Fernando Estevez acaba de morir, víctima de una enfermedad veloz y cruel, y esa noticia, que apenas ocupará unas líneas en los periódicos, es una pésima y amarga noticia para este pequeño y ababiecado país atlántico. Fernando Estevez, profesor titular de Antropología Social de la Universidad de La Laguna y coordinador del Museo de Historia y Antropología de Tenerife, era, en su modestia y en su prudencia, una cosa muy rara y bastante chocante en este archipiélago de mendrugos, Fernando Estévez era, y lo seguirá siendo en sus libros, artículos y ponencias, un canario que razonaba. Si uno reparaba cuidadosamente en una conversación suya descubría un espectáculo insólito bajo esta luz demasiado pura: era un hombre que escuchaba a su interlocutor, que ofrecía razones y argumentos, que jamás interrumpía al otro y que siempre, en cambio, disponía de una reflexión sugerente, un dato más que curioso, una bibliografía útil que aportar.
Sobre lo que más y mejor razonó Estevez como intelectual cuyo único y hermoso compromiso lo mantuvo con la lucidez fue  sobre el pasado de Canarias en una espléndida labor de deconstrucción de las mitologías y leyendas –campesinas y urbanas – sobre los primeros habitantes de las islas y las sociedades indígenas. El profesor Estevez analizó críticamente, en un discurso que integraba varias disciplinas y perspectivas teróricas, el desarrollo del peculiar indigenismo canario que se fundó  en el guanchismo, y cómo el guanchismo ha sido, en realidad, un producto de la sensibilidad cultural propia del pensamiento colonialista europeo del siglo XIX. Una operación cultural que transformó una mirada exterior y ajena a la realidad en una seña de identidad profundamente arraigada en el imaginario de los isleños, incluso de los jóvenes isleños de hoy, que siguen manteniendo en el estereotipo del guanche la principal referencia del pasado de su colectividad y clave identitaria de la misma, como si durante cinco siglos no hubiera pasado absolutamente nada.
Pese a su devastador padecimiento,  Fernando Estevez fue el entusiasta secretario general del I Congreso de Museos de Canarias, un proyecto hermoso e imprescindible impulsado por el director general de Patrimonio Cultural del Gobierno autonómico, Miguel Ángel Clavijo, y que se celebrará en La Orotava el próximo mes de noviembre.

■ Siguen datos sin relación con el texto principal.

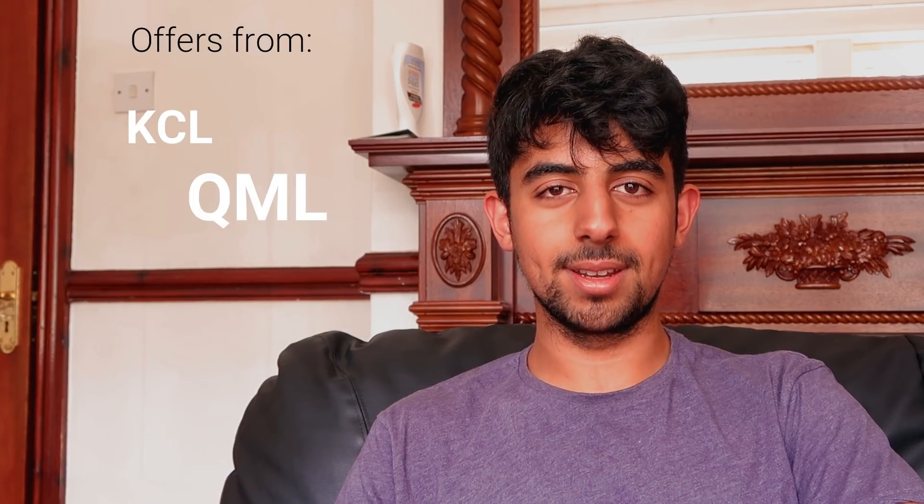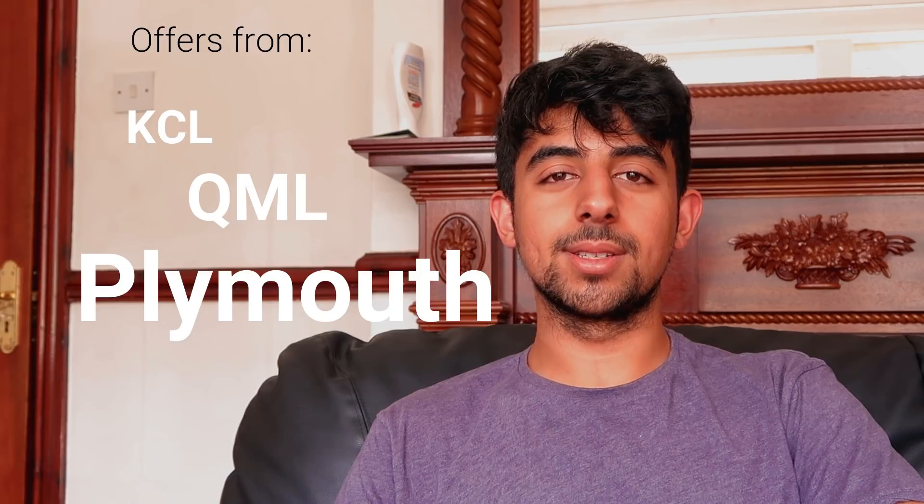Hi guys, I'm Mohammed Dagger. I've just finished A-levels and as you can see I'm very scared waiting for results today. I've applied to dentistry this year and managed to get three offers from Queen's College London, Queen Mary's London, and Claver. If anyone has any questions about applying to dentistry, let me know — my Instagram is MoDagger1999.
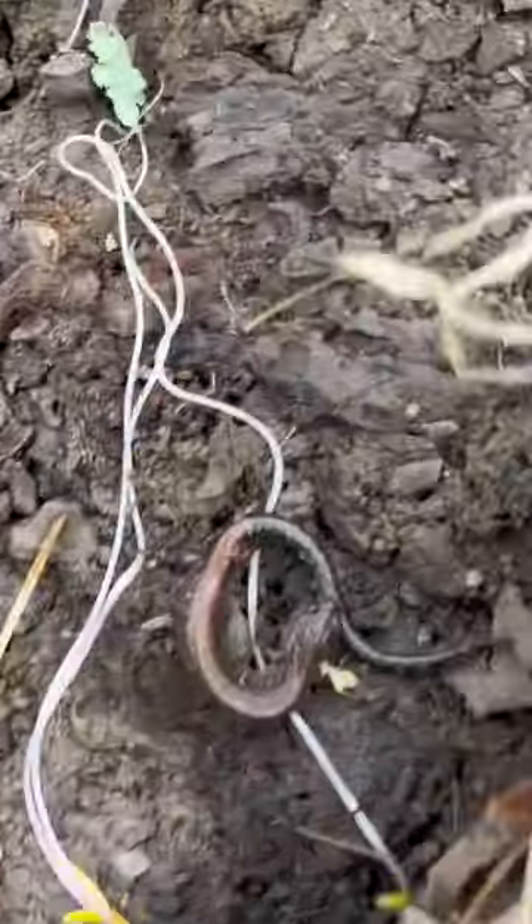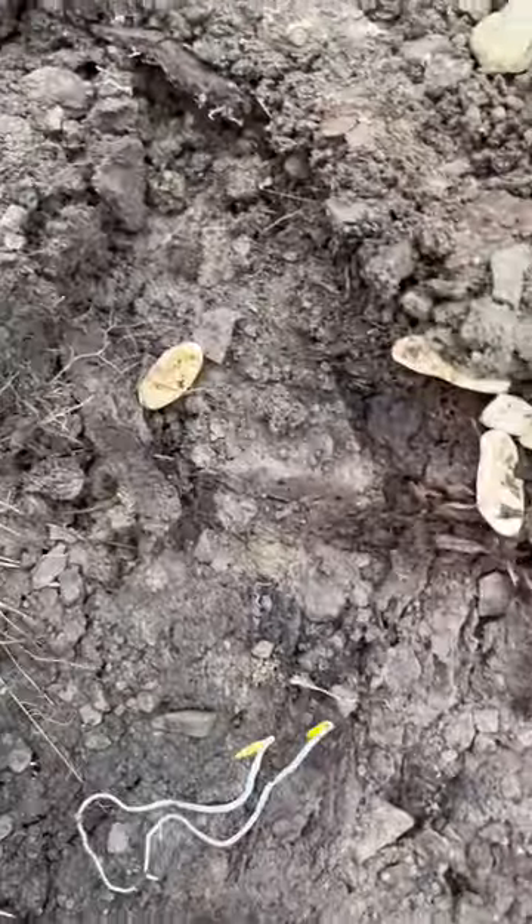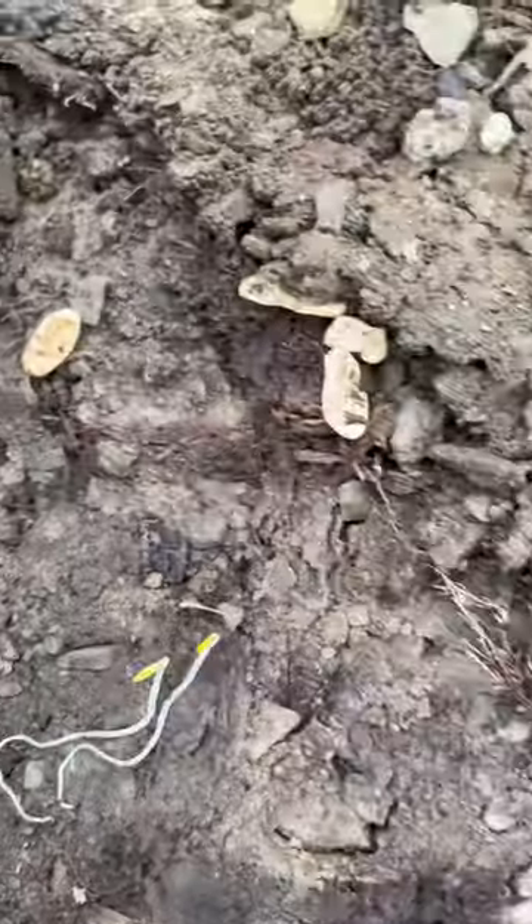This is so cool. So I was flipping this rock earlier and I found these two eastern redback salamanders, which are always awesome to find. But right over to the left, there's an entire clutch of what looks to be snake eggs. Unfortunately, the baby snakes seem to be long gone, but a really cool find nonetheless.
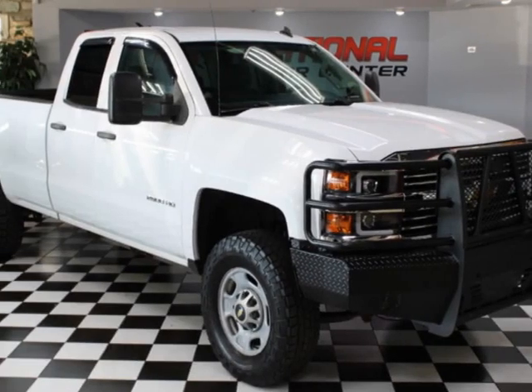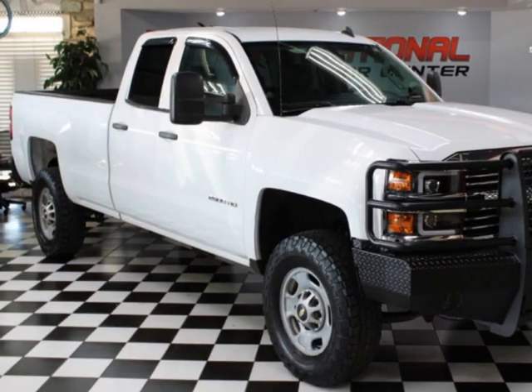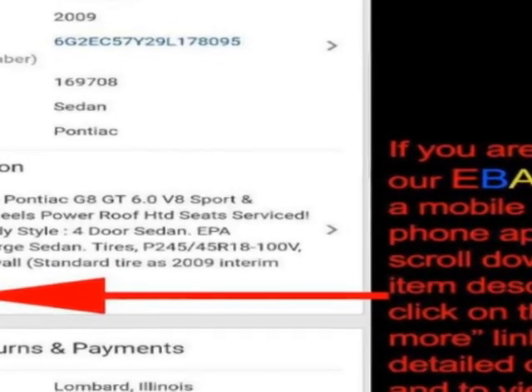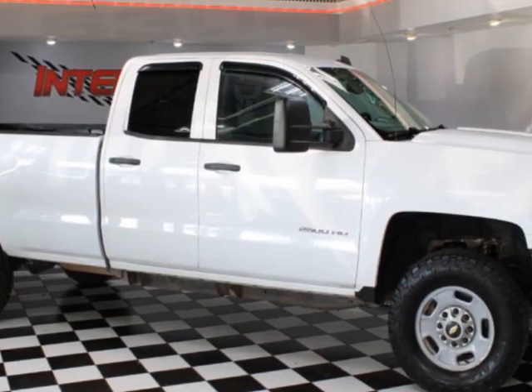Take a look at this 2015 Chevrolet Silverado 2500 HD Crew Cab Long Bed 4-Wheel Drive Texas truck. This vehicle has just under 144,000 miles.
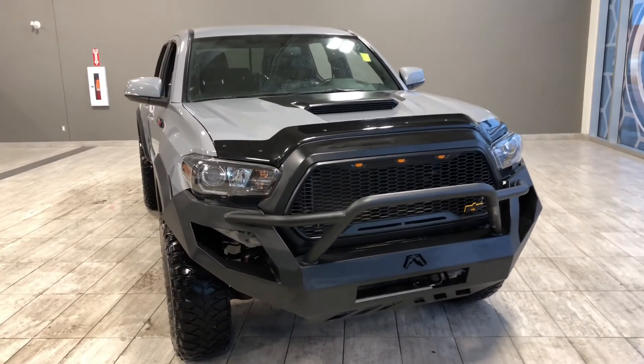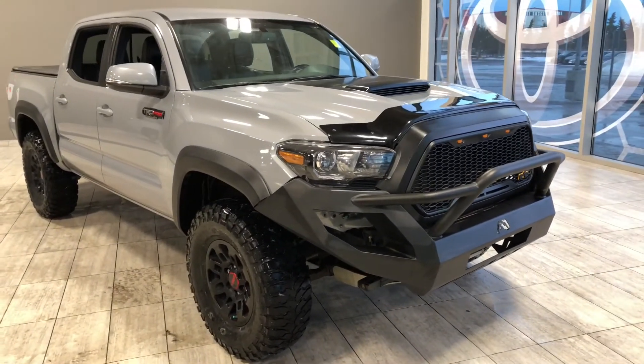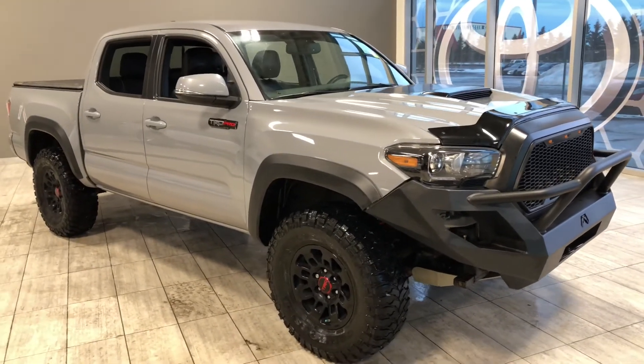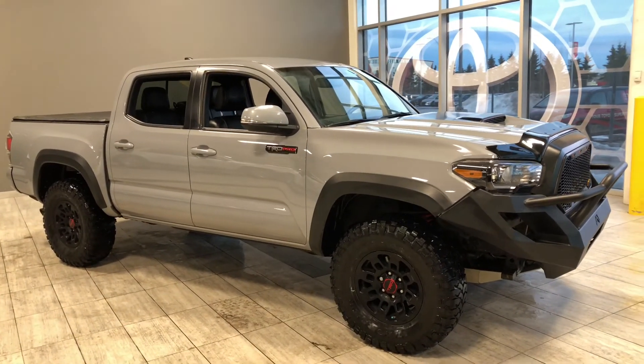Taking a last look at our Toyota Tacoma. Once again, some of those great interior features include your driver and passenger heated seats, navigation, black leather with TRD stitching, and a backup camera. There's still a lot more I didn't get a chance to show you, so why don't you come on down and take it for a test drive. We are located here at Toyota Northwest Edmonton, on the corner of 137th Ave and St. Albert Trail.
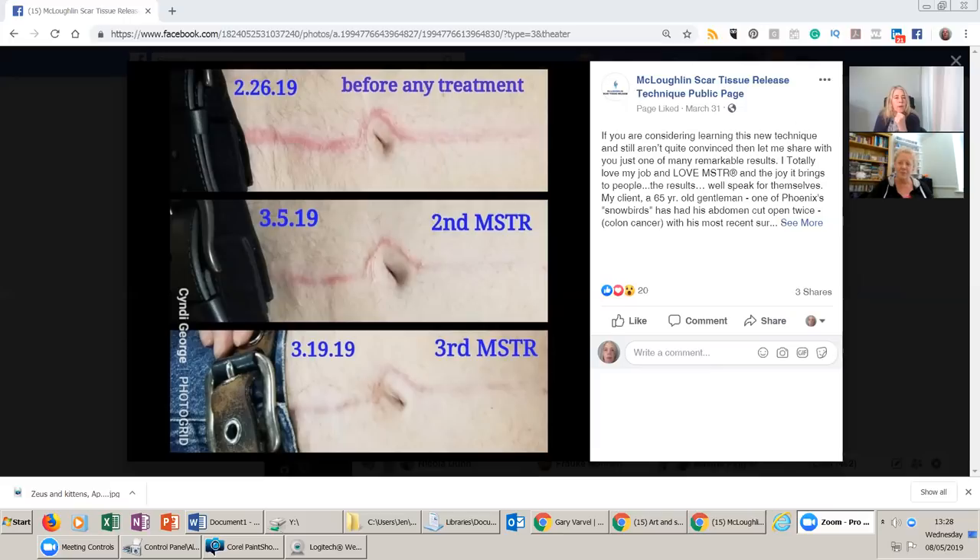For the viewers, how long approximately would each session have been for this scar? I would say around 15 minutes of actual on-skin treatment. As part of the entire session you'd be talking to the client beforehand, getting them to feel and look at the scar before you start, and checking in with them whilst applying the technique.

Porque Estevez era, igualmente, uno de los pocos museólogos solventes de estos peñascos. Algún día los canarios nos adentraremos decididamente en nuestro pasado, deshaciendo brumas demasiado espesas y bromas demasiado pesadas, y allí, en la orilla de nuestros comienzos como pueblo, encontraremos a Fernando Estevez, y reanudaremos un diálogo donde el siempre ha sido, comedido y razonable, la voz más ordenada, más perspicaz y más valiosa.